▸ Problem to work on:
Only the lines below from the one containing "Poldi von Pentavita" through the one containing "The Elephant Whisperers backdrop" belong in the answer, repeated exactly and without pictures.

▸ Materials provided:
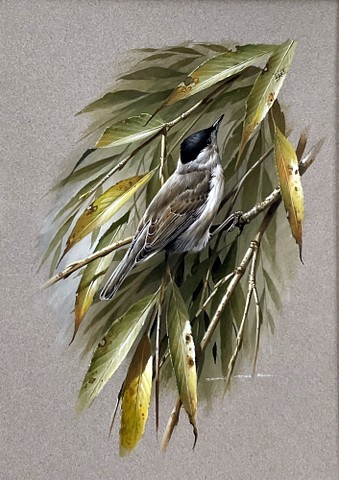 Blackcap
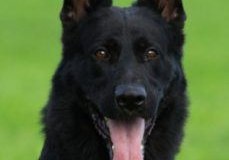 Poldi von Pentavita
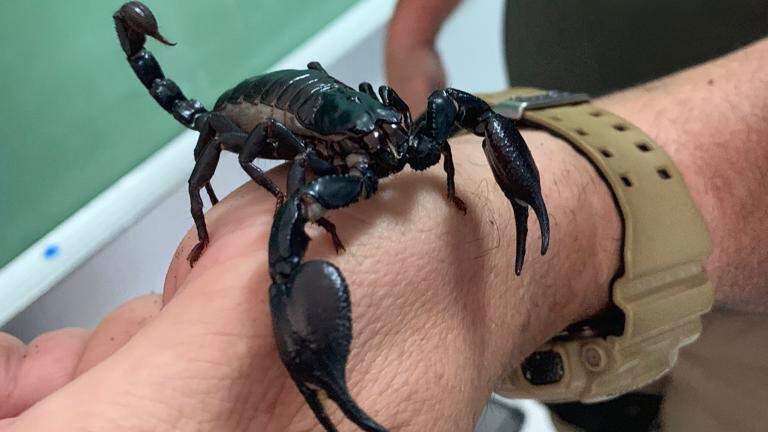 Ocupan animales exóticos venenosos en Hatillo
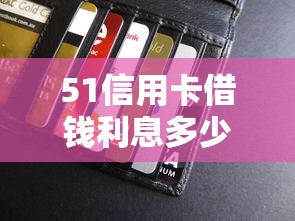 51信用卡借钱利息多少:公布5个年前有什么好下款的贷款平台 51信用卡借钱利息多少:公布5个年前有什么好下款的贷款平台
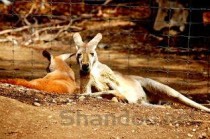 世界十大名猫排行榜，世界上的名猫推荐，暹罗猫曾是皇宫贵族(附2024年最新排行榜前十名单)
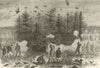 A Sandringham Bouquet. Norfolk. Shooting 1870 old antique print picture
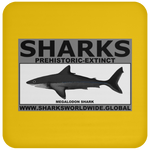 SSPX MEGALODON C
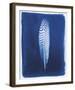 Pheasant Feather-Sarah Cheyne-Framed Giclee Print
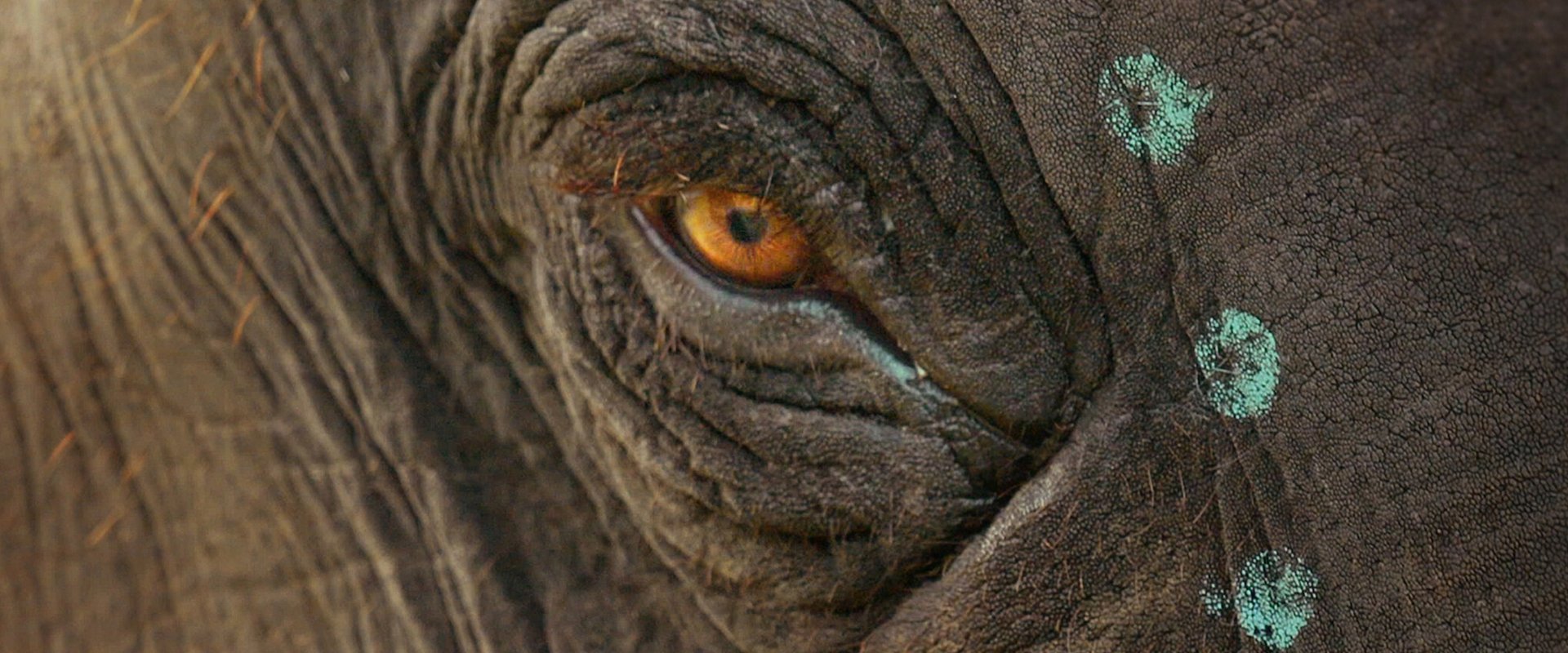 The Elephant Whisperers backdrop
* * *
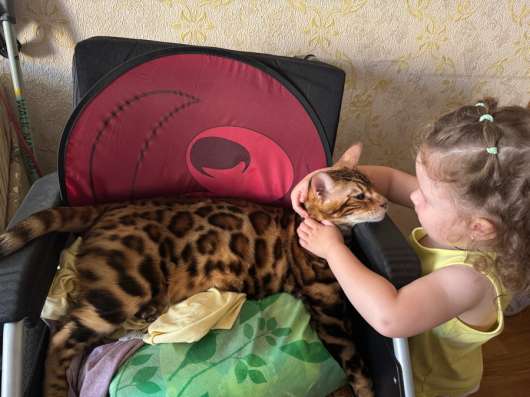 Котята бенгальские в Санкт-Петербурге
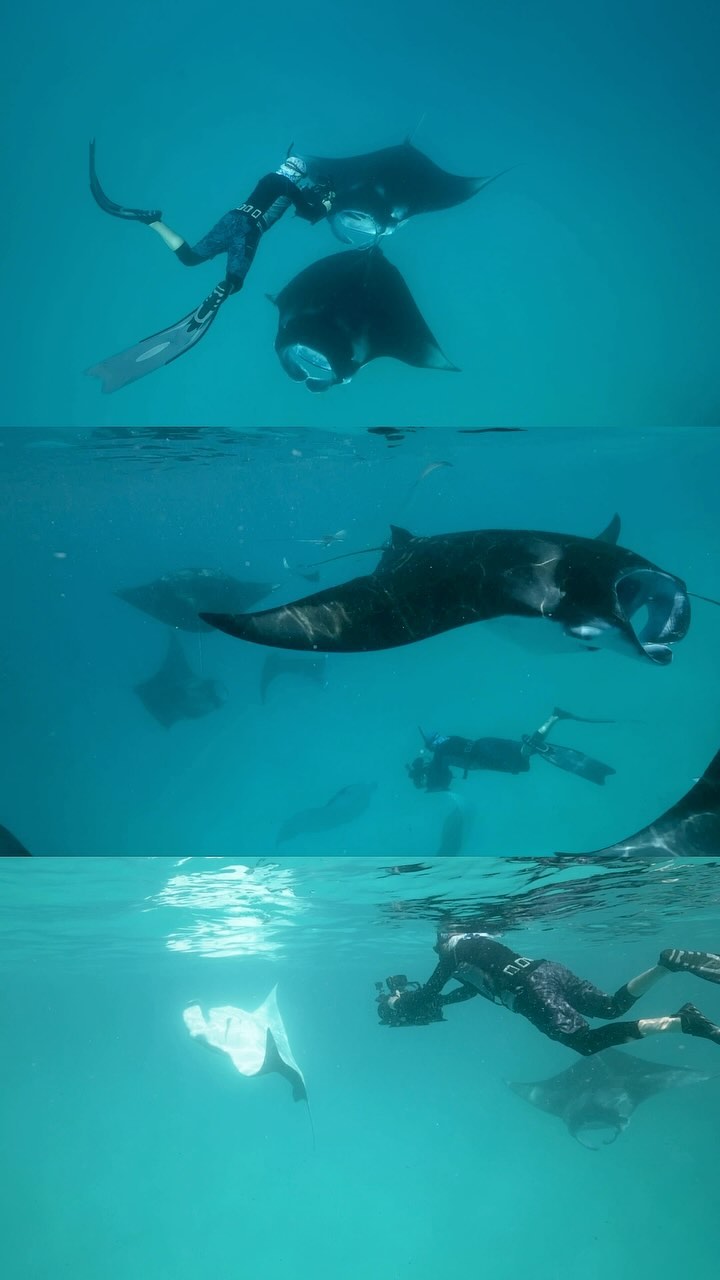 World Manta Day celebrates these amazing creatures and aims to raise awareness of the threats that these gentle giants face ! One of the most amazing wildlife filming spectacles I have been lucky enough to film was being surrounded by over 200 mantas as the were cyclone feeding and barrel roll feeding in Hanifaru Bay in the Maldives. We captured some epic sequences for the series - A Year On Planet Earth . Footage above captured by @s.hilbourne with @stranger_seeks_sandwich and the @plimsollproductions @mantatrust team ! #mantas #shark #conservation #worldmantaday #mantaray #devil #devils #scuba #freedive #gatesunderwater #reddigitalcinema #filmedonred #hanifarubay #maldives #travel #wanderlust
...
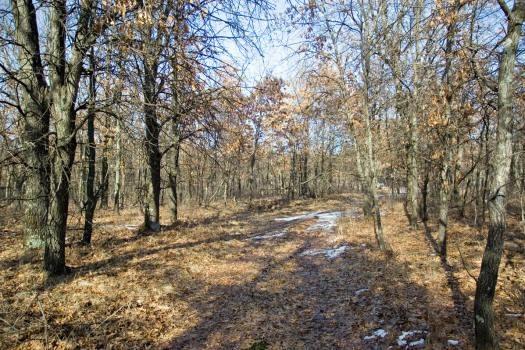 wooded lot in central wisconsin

▸ Response to the task:
 Poldi von Pentavita
 Ocupan animales exóticos venenosos en Hatillo
 51信用卡借钱利息多少:公布5个年前有什么好下款的贷款平台 51信用卡借钱利息多少:公布5个年前有什么好下款的贷款平台
 世界十大名猫排行榜，世界上的名猫推荐，暹罗猫曾是皇宫贵族(附2024年最新排行榜前十名单)
 A Sandringham Bouquet. Norfolk. Shooting 1870 old antique print picture
 SSPX MEGALODON C
 Pheasant Feather-Sarah Cheyne-Framed Giclee Print
 The Elephant Whisperers backdrop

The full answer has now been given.